Work to be completed: Copy the listing exactly as given. Omit every picture.
====== Information supplied ======
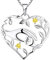 YL Mama Kette 925 Sterling Silber November Geburtsstein Gelb Zirkonia Mutter halten Kinderhand Anhänger Halskette Geschenke für Mama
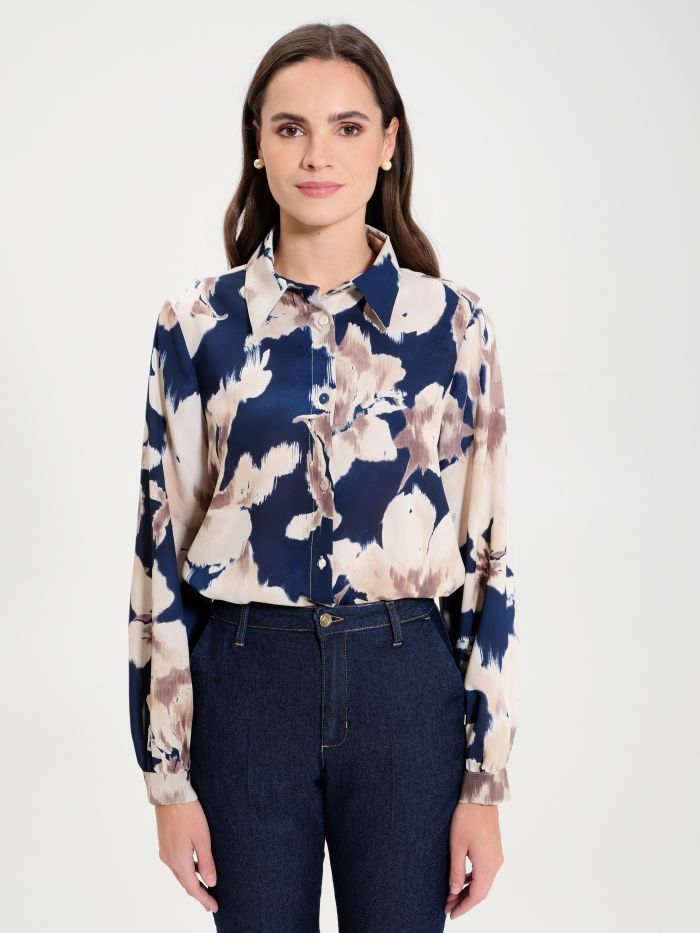 Camisa en georgette con estampado floral  Rinascimento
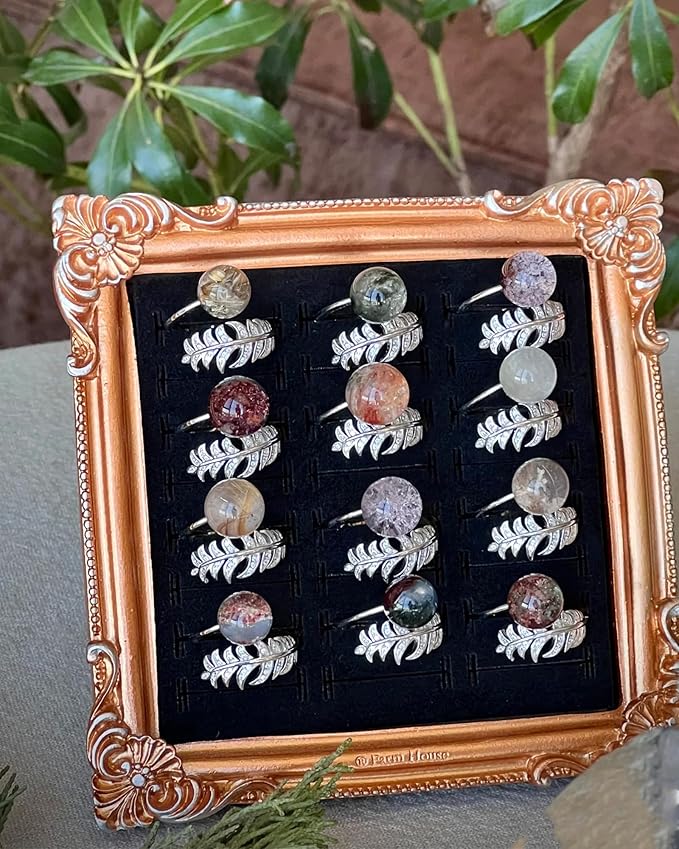 Jewelry Display Stand Vintage Ring Holder Box Earring Tray Retro Picture Frame Style Ring OrganizerJewelry Frame with Velvet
======
Reply:
 YL Mama Kette 925 Sterling Silber November Geburtsstein Gelb Zirkonia Mutter halten Kinderhand Anhänger Halskette Geschenke für Mama
 Camisa en georgette con estampado floral  Rinascimento
 Jewelry Display Stand Vintage Ring Holder Box Earring Tray Retro Picture Frame Style Ring OrganizerJewelry Frame with Velvet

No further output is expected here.